ADA saat ketika sebuah rancangan undang-undang seperti cahaya senja. Redup, samar, dan hampir padam.
RUU Perampasan Aset pernah berada di titik itu. Ia diajukan, dibicarakan, lalu ditunda. Bertahun-tahun tersangkut di meja DPR, menunggu giliran yang tak kunjung datang.
Namun pada 9 September 2025, kabar baru datang. DPR akhirnya memasukkan RUU ini ke dalam Prolegnas Prioritas Perubahan Kedua 2025.
“RUU Perampasan Aset dimasukkan sebagai inisiatif DPR dalam Prolegnas Prioritas Perubahan Kedua 2025,” kata Ketua Baleg DPR, Bob Hasan.
Senja yang pekat itu seakan menyisakan cahaya jingga. Belum terang penuh, tetapi cukup untuk menunjukkan bahwa kabut panjang mulai terbuka.
Korupsi di negeri ini tidak hanya soal uang tunai. Ia menjelma rumah di atas bukit, vila di tepi pantai, apartemen di Singapura, hingga rekening dolar di luar negeri. Semua bersembunyi di balik nama kerabat, perusahaan cangkang, atau rekening samaran.
Baca juga: RUU Perampasan Aset, Harapan atau Bumerang?
RUU Perampasan Aset hadir untuk menutup celah itu. Prinsipnya sederhana: negara berhak merampas aset yang tak jelas asal-usulnya, bahkan sebelum ada putusan pidana.

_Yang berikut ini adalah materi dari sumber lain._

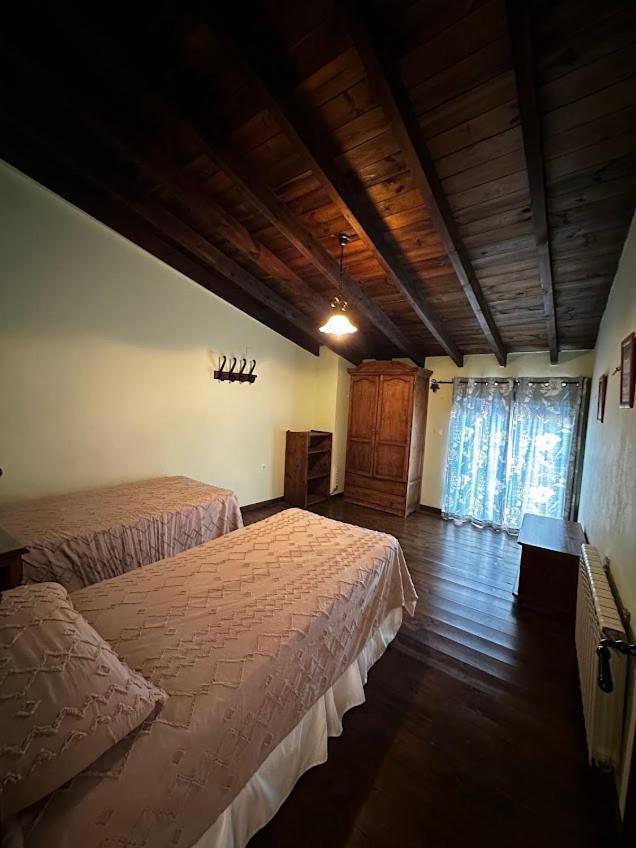 Espaciosa Y Elegante Casa Rural En Los Marines Exterior foto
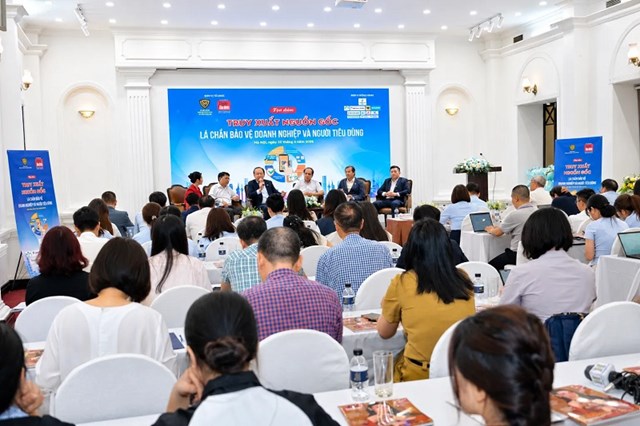 To&agrave;n cảnh&nbsp;Tọa đ&agrave;m &ldquo;Truy xuất nguồn gốc - l&aacute; chắn bảo vệ doanh nghiệp v&agrave; người ti&ecirc;u d&ugrave;ng&rdquo;. &nbsp;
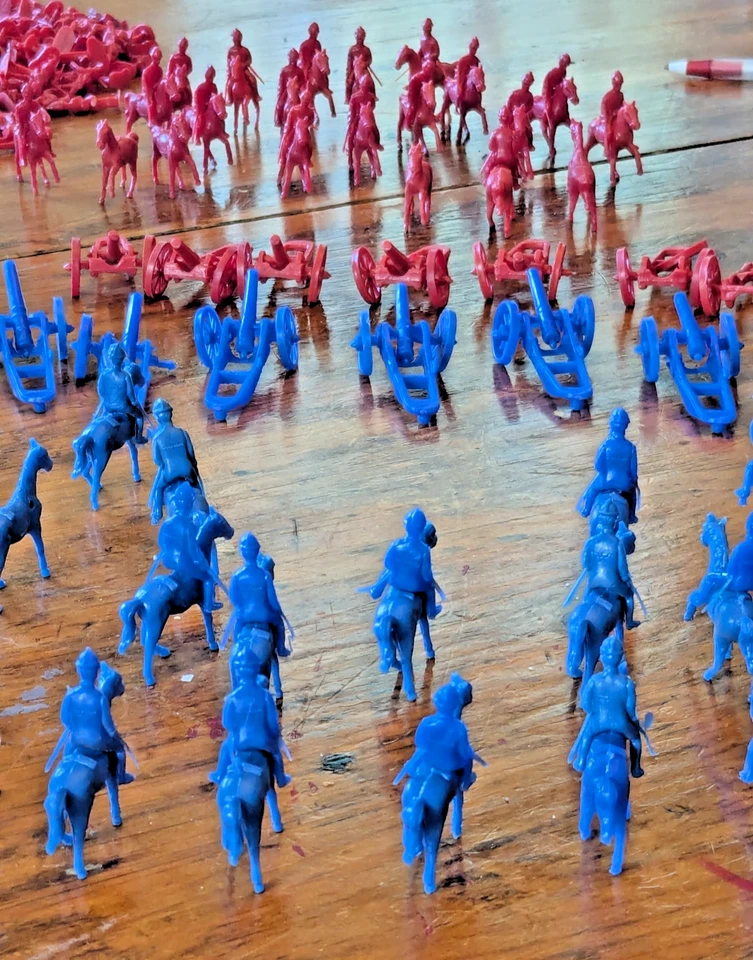 Little Toy Soldiers from the Back of Comic Books Revolutionary War ~385 Pieces - Image 2 of 4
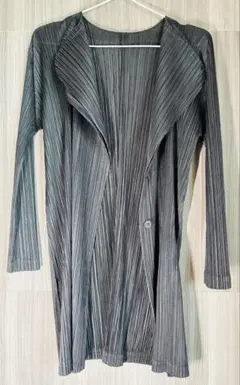 ⭐︎SALE！！美品⭐︎イッセイミヤケ　プリーツプリーズ カーディガン　黒のサムネイル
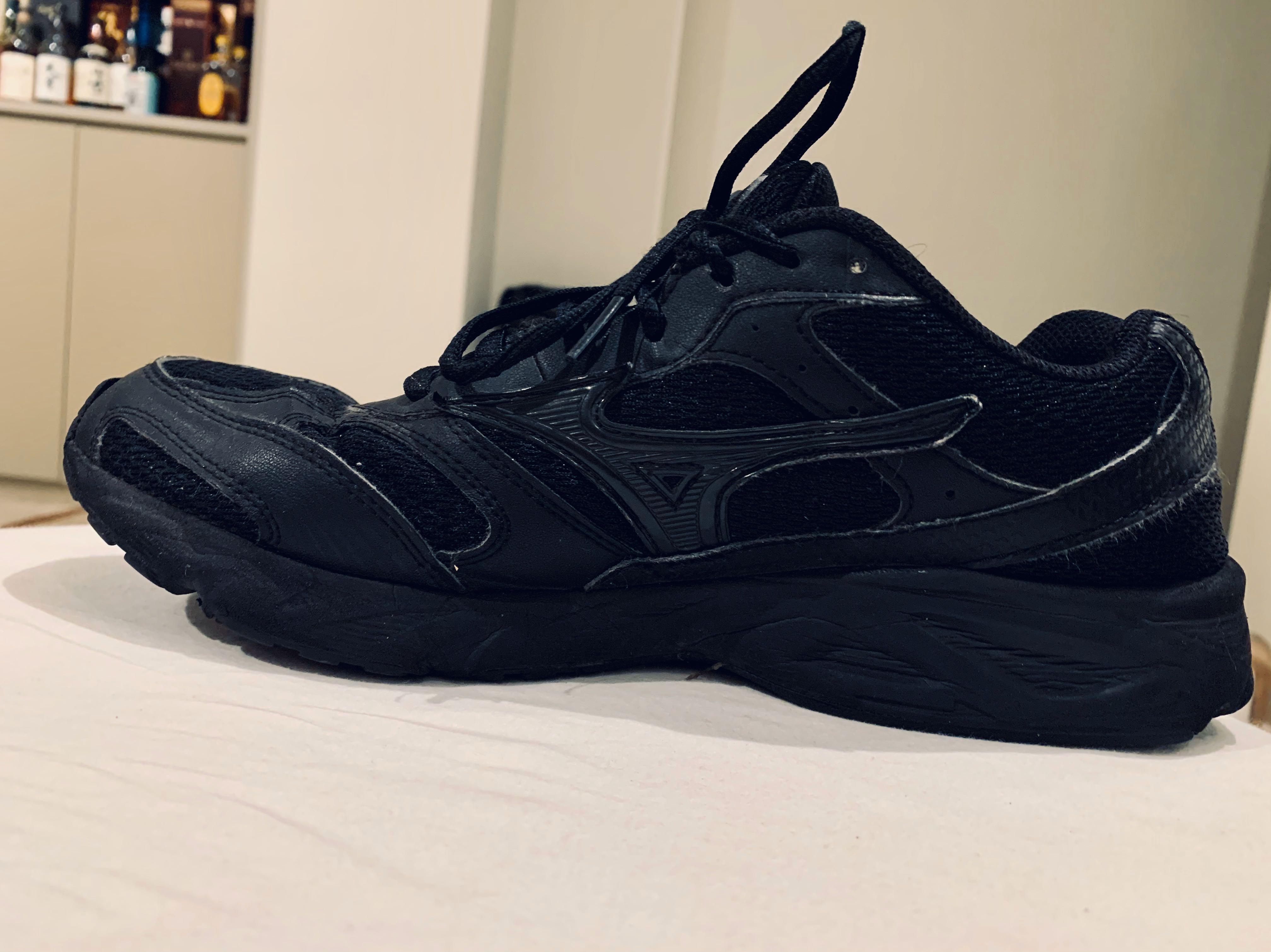reebok all black running shoes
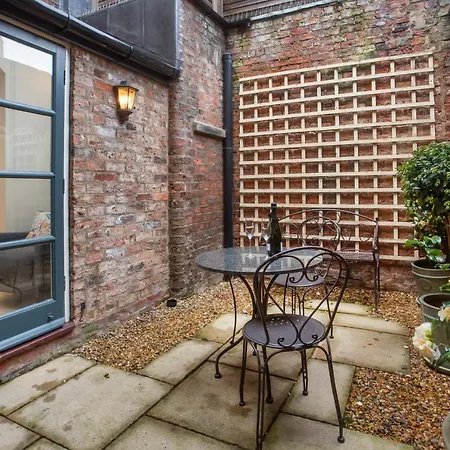 The Corner House In City Centre Apartment York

Non-conviction based asset forfeiture—model yang dipakai Italia melawan mafia, Amerika Serikat melawan kartel narkoba, dan Filipina memburu kekayaan Marcos—menjadi rujukan.
Pertanyaannya: mengapa Indonesia, dengan sejarah panjang korupsi, justru tertinggal dalam langkah ini?
Di Senayan, RUU ini lama diperlakukan seperti tamu yang tak diundang. Perdebatan lebih banyak tentang kepentingan ketimbang substansi.
Ada yang khawatir aturan ini bisa dipakai sebagai alat politik. Ada pula yang resah, sebab banyak elite juga menyimpan harta dengan asal-usul yang samar.
Maka, rapat ditunda. Panitia kerja tak kunjung terbentuk. Alasan prosedural dikedepankan: perlu sinkronisasi dengan regulasi lain, harus ada kepastian hukum, harus jelas mekanisme pengawasan.
Kini, setidaknya secara formal, pintu sudah terbuka. DPR mengambil inisiatif legislasi, menandai bahwa perdebatan tidak bisa lagi diulur tanpa arah.
Pertanyaannya: apakah pintu itu sungguh akan dibuka lebar, atau hanya sedikit diselipkan untuk menenangkan amarah publik?
Secara filosofis, pertanyaan pun muncul: apakah perampasan aset tanpa putusan pidana tidak melanggar asas due process of law? Bukankah setiap orang berhak dianggap tak bersalah sebelum terbukti?